● TASK INSTRUCTIONS:
Copy out precisely the lines of the material that follows, beginning with the line containing "Room 9 of 20" and ending with its last line; exclude pictures.

● PROVIDED DATA:
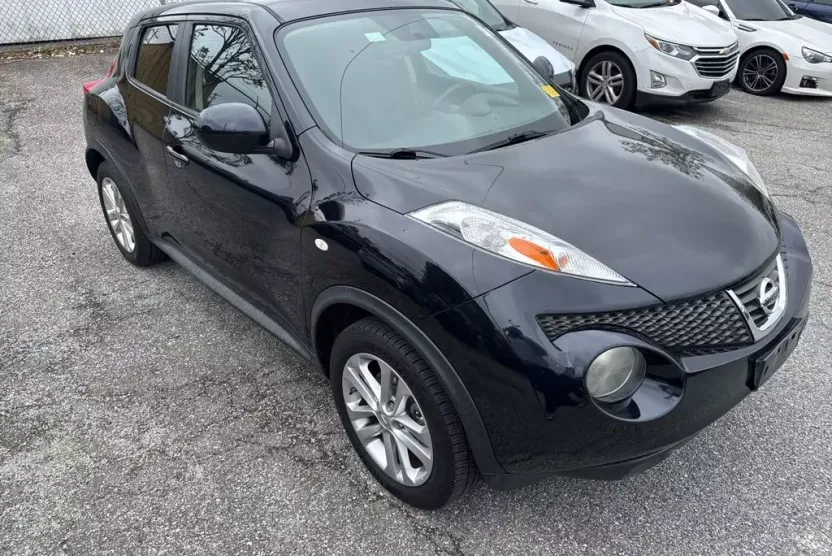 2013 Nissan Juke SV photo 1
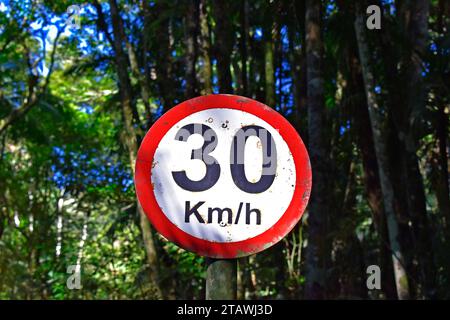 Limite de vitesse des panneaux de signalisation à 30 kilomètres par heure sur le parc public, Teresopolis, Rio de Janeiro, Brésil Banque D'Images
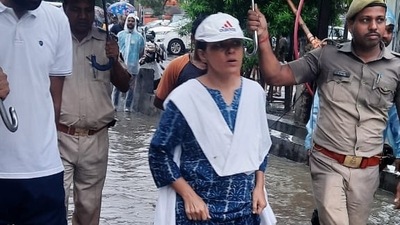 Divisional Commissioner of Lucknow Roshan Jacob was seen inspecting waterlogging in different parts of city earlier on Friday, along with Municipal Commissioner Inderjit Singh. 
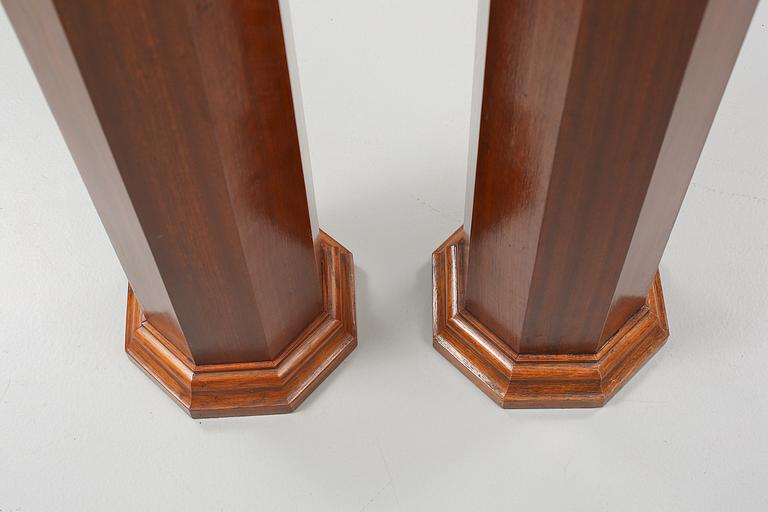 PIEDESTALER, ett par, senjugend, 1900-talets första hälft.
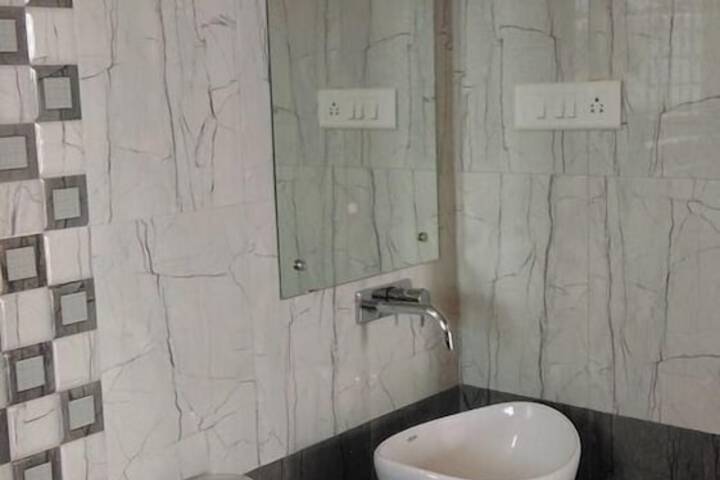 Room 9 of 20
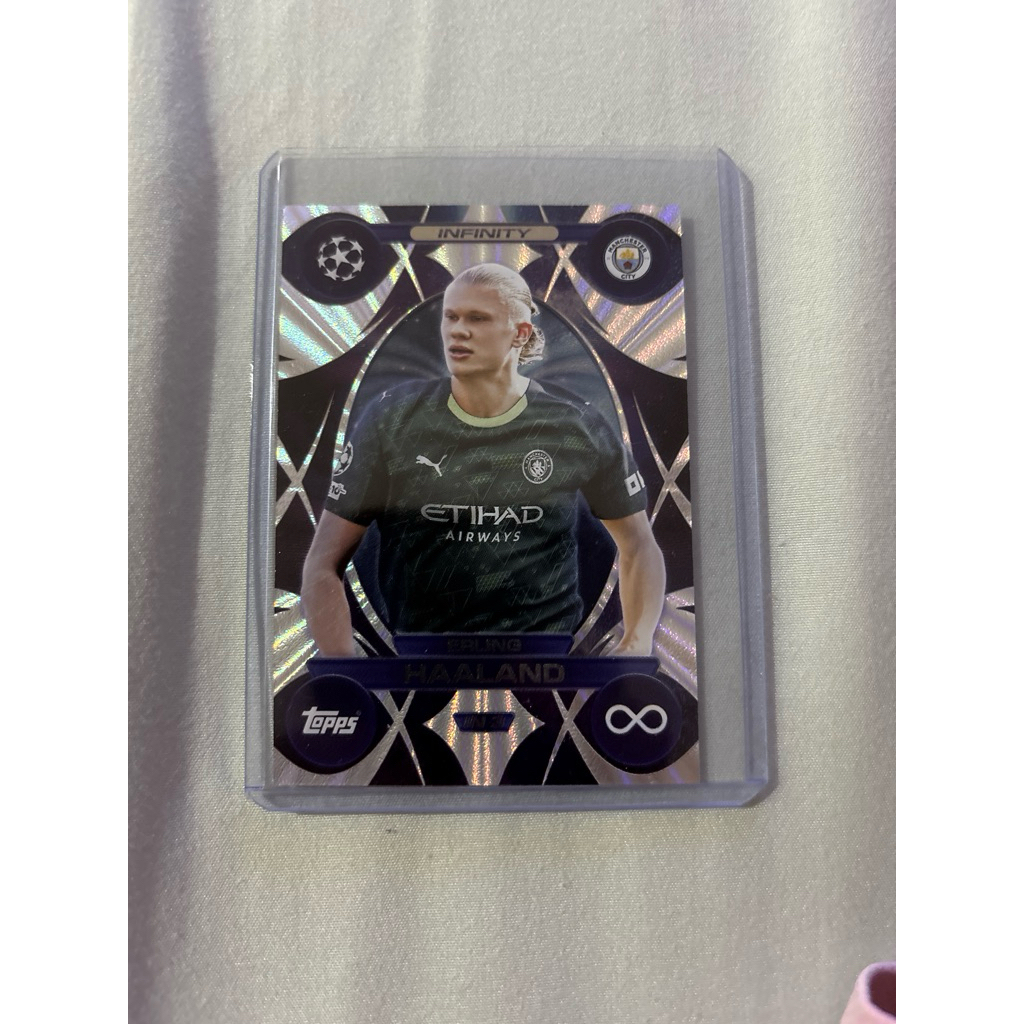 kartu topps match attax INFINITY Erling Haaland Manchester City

● THE ANSWER:
 Room 9 of 20
 kartu topps match attax INFINITY Erling Haaland Manchester City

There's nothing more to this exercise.